## Exercise directions
From the records that follow, return exactly the lines beginning at the one that contains "A warning message" and ending at the one that contains "If we don't", pictures left out.

## Provided entries

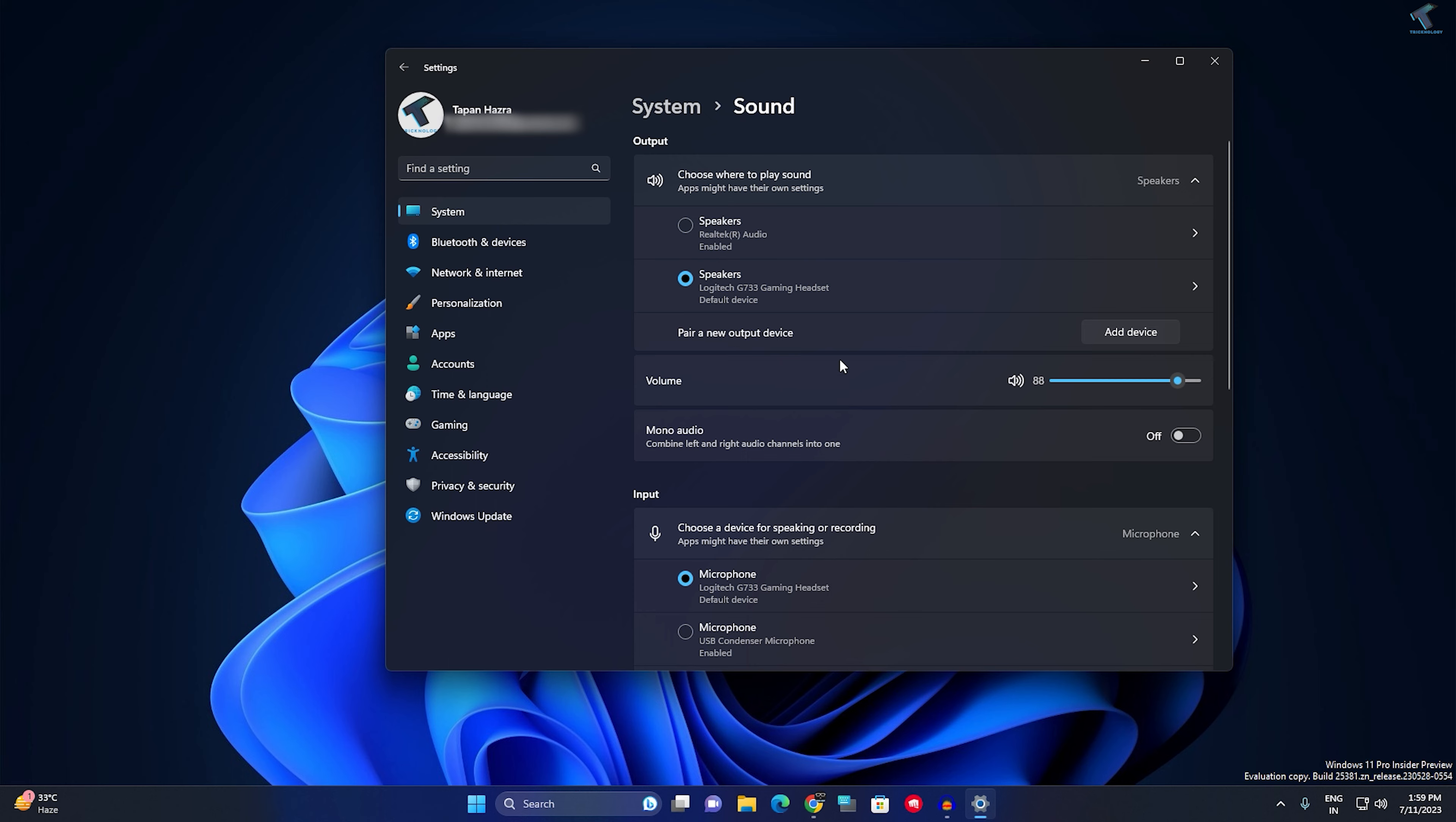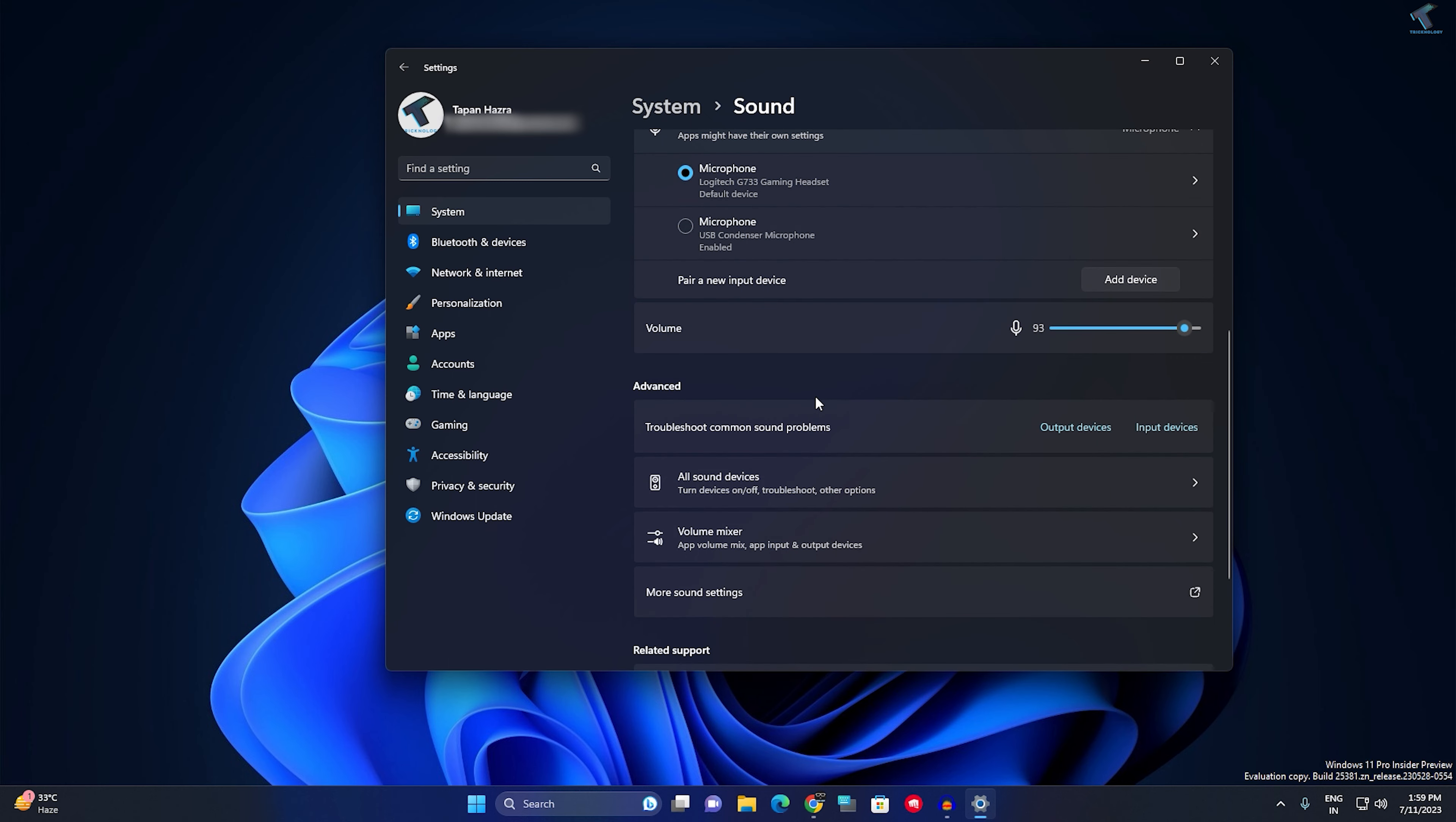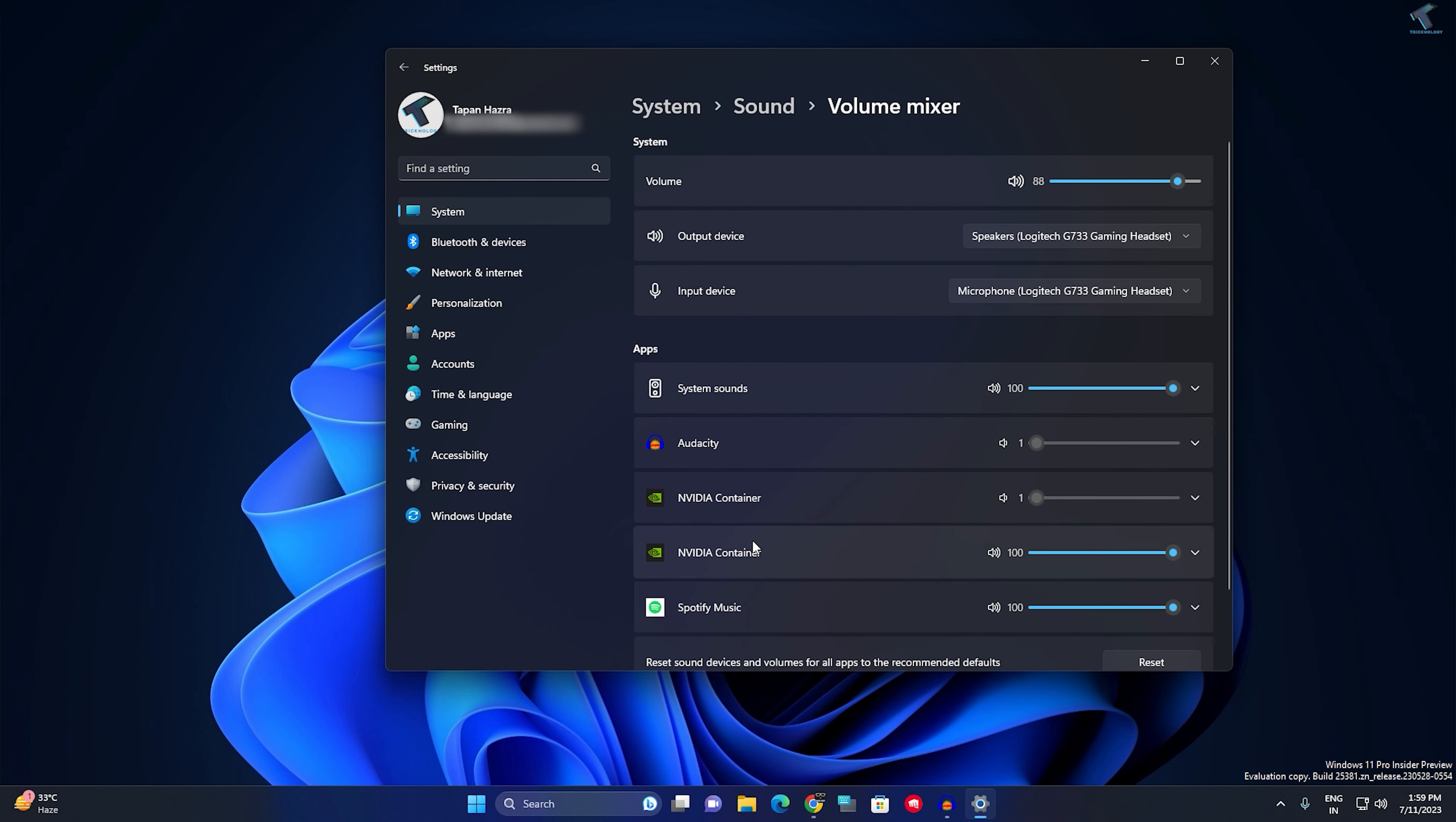After that, scroll down and you will get an option called Volume Mixer, so click on that.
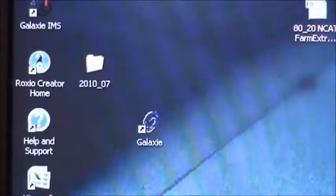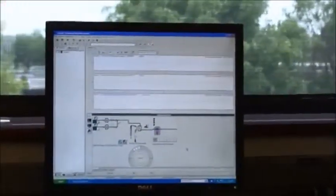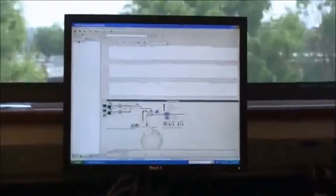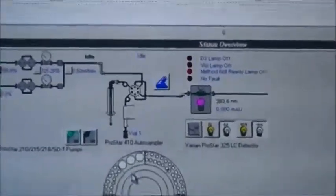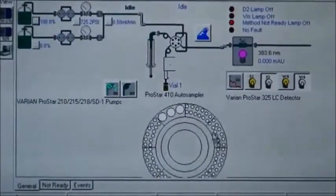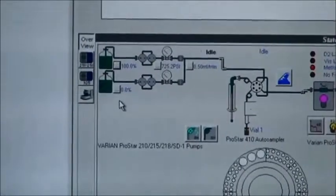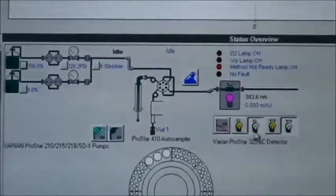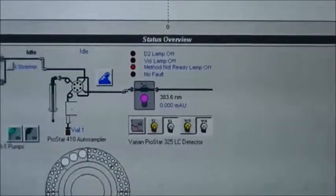To run the HPLC unit on this computer, the software is the Galaxy software. You come over here and turn the software on. The first screen shows all the components of the HPLC unit: the auto sampler unit, the two pumps A and B, and the detector. These lines show how the solvent pumps through the system and through the detector.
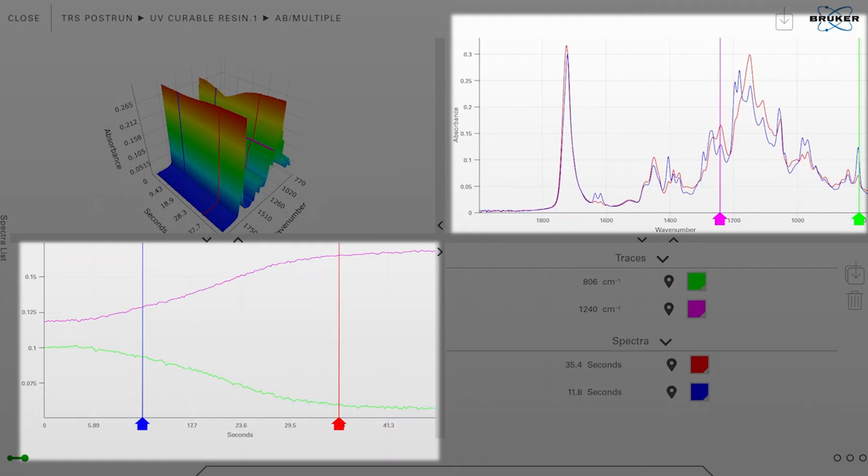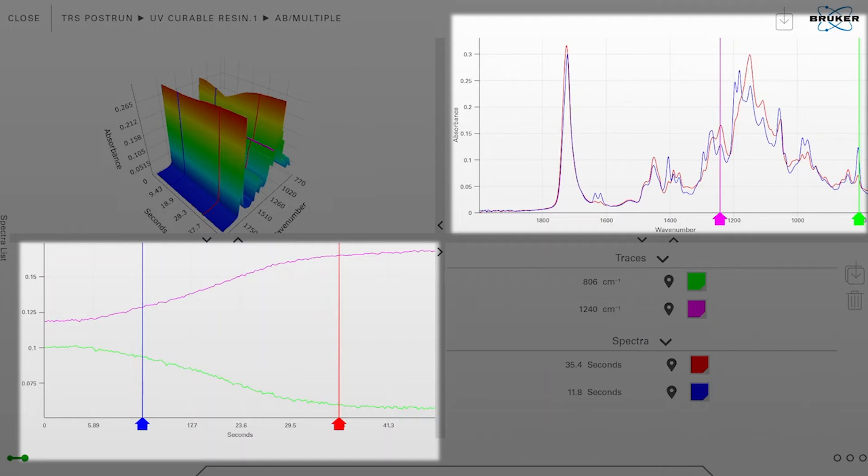As you now can see in the lower left corner, the bands with the pink marker are increasing in intensity over time and the band which I have located the green marker on is decreasing over time.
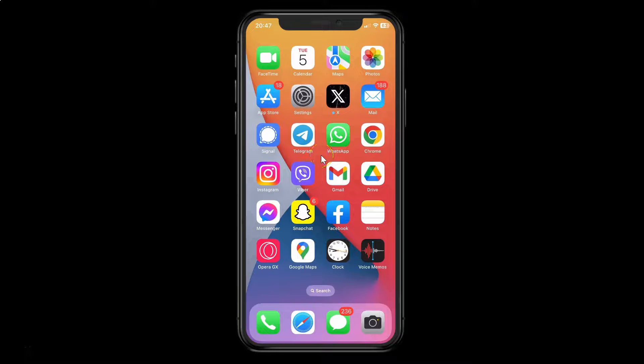Hi guys, in this video I will show you how to disable instant video messages mode in WhatsApp on iPhone. This is my iPhone device, so let us start.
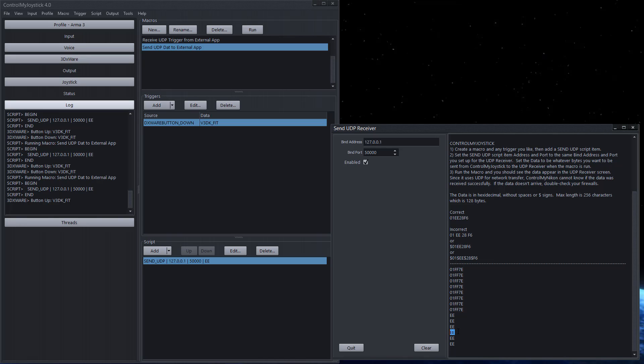So there it is. That's how you deal with external applications in control my joystick. Have fun.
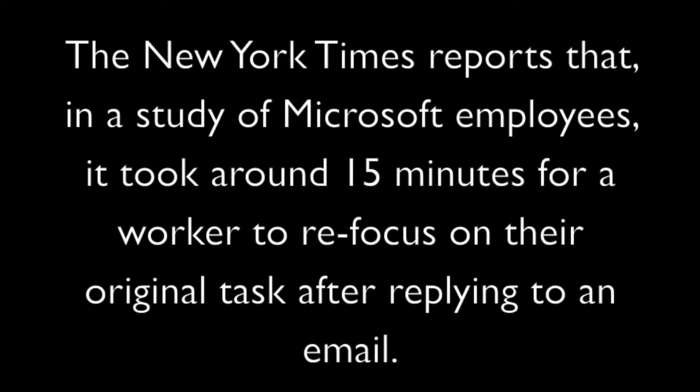The New York Times reports that in a study of Microsoft employees, it took around 15 minutes for a worker to refocus on their original task after replying to an email.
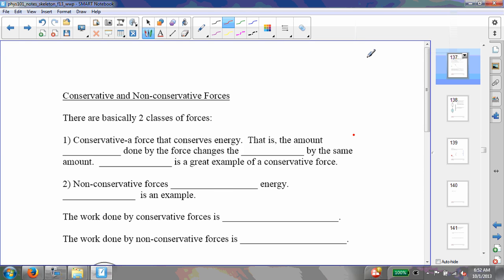Let's look now at conservative and non-conservative forces. These are basically two classes of forces: conservative and non-conservative. A conservative force is simply a force that conserves energy, and that's why we call it a conservative force — because it conserves energy.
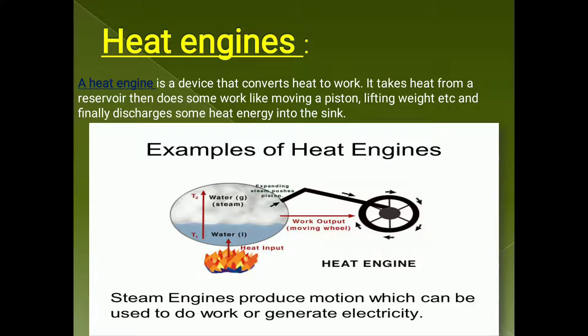In the steam engine, heat is given to the input, that is water. Heat is given to the water, which is in liquid form, and it gets converted into gaseous state as steam. The temperature of the water and the steam are different, like T1 and T2. While converting liquid water into the gaseous state, some work is done, and that work can be used for producing motion in a wheel or for generating electricity.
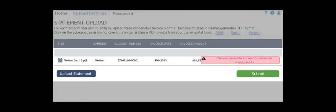A warning message will appear until three consecutive months have been uploaded. Three months is advised for greater accuracy, but it's not required.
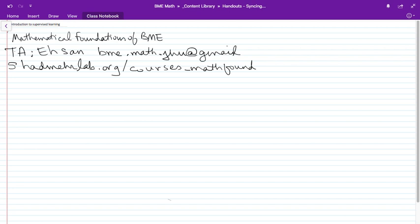Hi, I'm Reza Shadmer. Welcome, guys. This is a new course that I started this year to cover some of the basic foundational ideas about the way to analyze data, the way to model things in biomedical engineering. The course is called Mathematical Foundations of BME. I'm glad you guys signed up. I think almost all of you are graduate students.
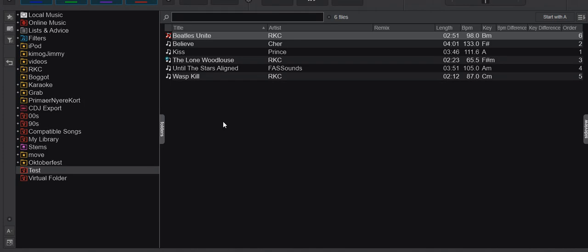But usually it's because it's missing. Wherever the Virtual DJ database is pointing at, meaning the path and the file name, is not there anymore, so it can't load and play it. That's usually what the problem is.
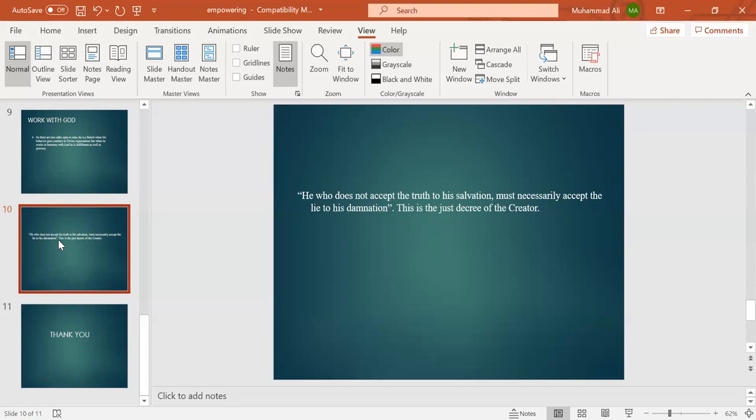Then you can carry these thoughts with you as you go to sleep, and the chances that these thoughts will be registered by the subconscious are greater. Thank you very much.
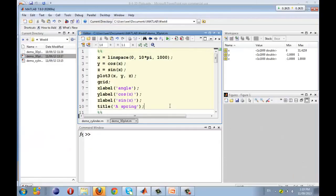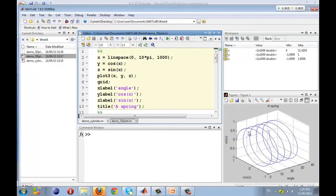If we don't plot the x dimension and instead plot only y and z, you can imagine we are plotting a circle on the y-z plane. But if we stretch it along the x-axis, then we produce a spring-like picture in this three-dimensional line plot. Here is the same example in MATLAB. Let's run it, and as you can see in the figure window, we have a spring-shaped 3D line plot.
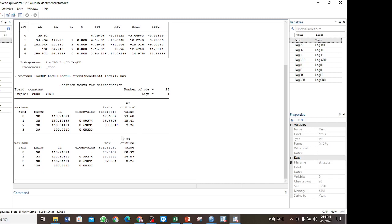That is how you interpret the results for the Johansen co-integration test. In our example, there is co-integration, which means we are supposed to estimate both the short-run and the long-run relationships. If there was no co-integration, we would test only the short-run relationship. I hope you find this helpful. Please watch out for the next tutorial, where I will explain how to perform the bounds test from ARDL in Stata and how to interpret the results. Thank you and bye.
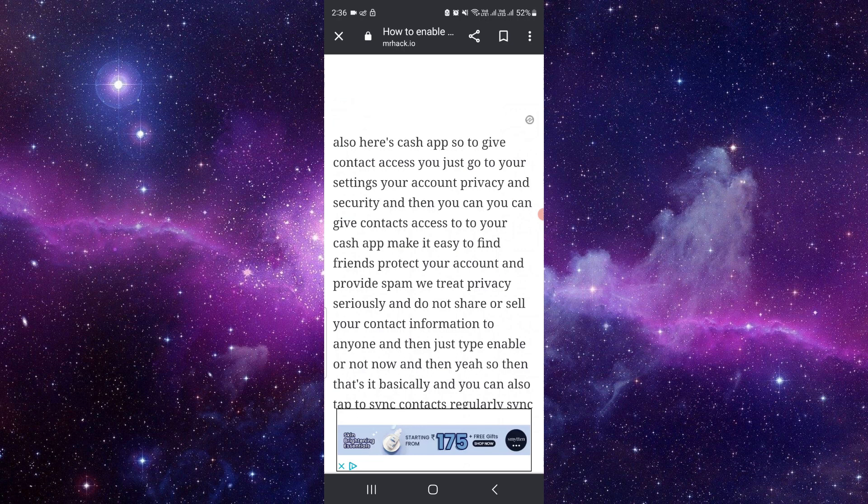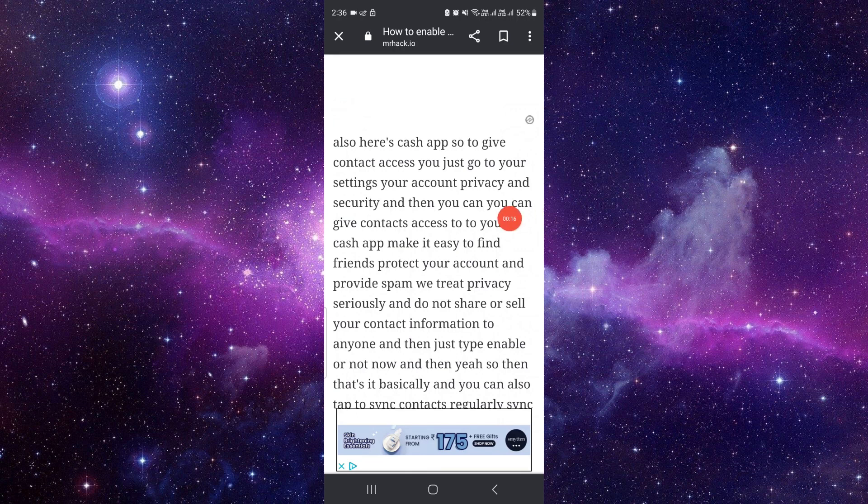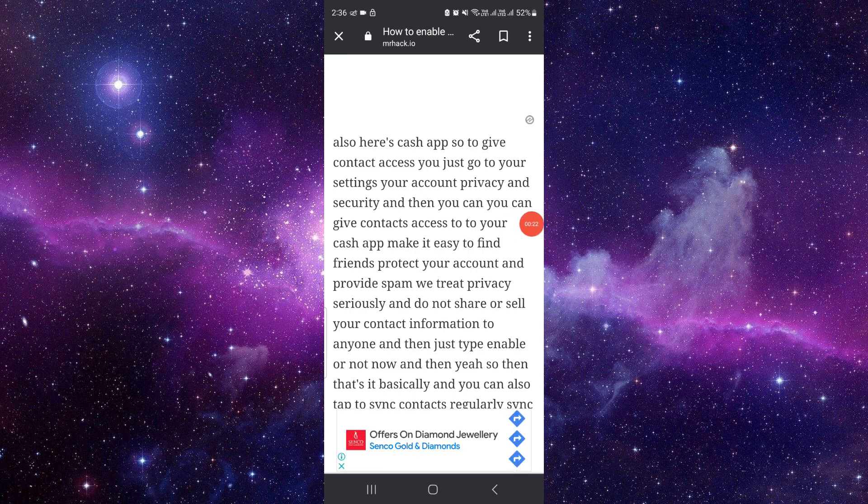First of all, you will open your Cash app. Then you have to press and hold it, go to app info, then go to permissions.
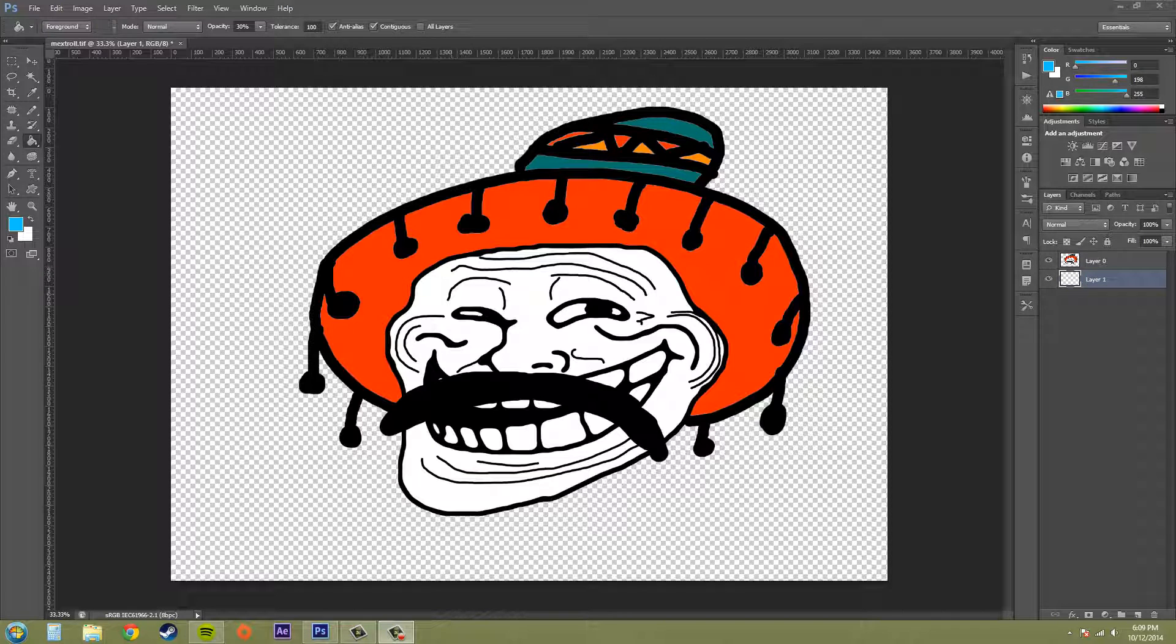Hey everybody, today we're going to be going over using the Paint Bucket tool in Photoshop CS6.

## Exercise answer
A warning message will appear until three consecutive months have been uploaded. Three months is advised for greater accuracy, but it's not required.
Hi, I'm Reza Shadmer. Welcome, guys. This is a new course that I started this year to cover some of the basic foundational ideas about the way to analyze data, the way to model things in biomedical engineering. The course is called Mathematical Foundations of BME. I'm glad you guys signed up. I think almost all of you are graduate students.
But usually it's because it's missing. Wherever the Virtual DJ database is pointing at, meaning the path and the file name, is not there anymore, so it can't load and play it. That's usually what the problem is.
Then you can carry these thoughts with you as you go to sleep, and the chances that these thoughts will be registered by the subconscious are greater. Thank you very much.
If we don't plot the x dimension and instead plot only y and z, you can imagine we are plotting a circle on the y-z plane. But if we stretch it along the x-axis, then we produce a spring-like picture in this three-dimensional line plot. Here is the same example in MATLAB. Let's run it, and as you can see in the figure window, we have a spring-shaped 3D line plot.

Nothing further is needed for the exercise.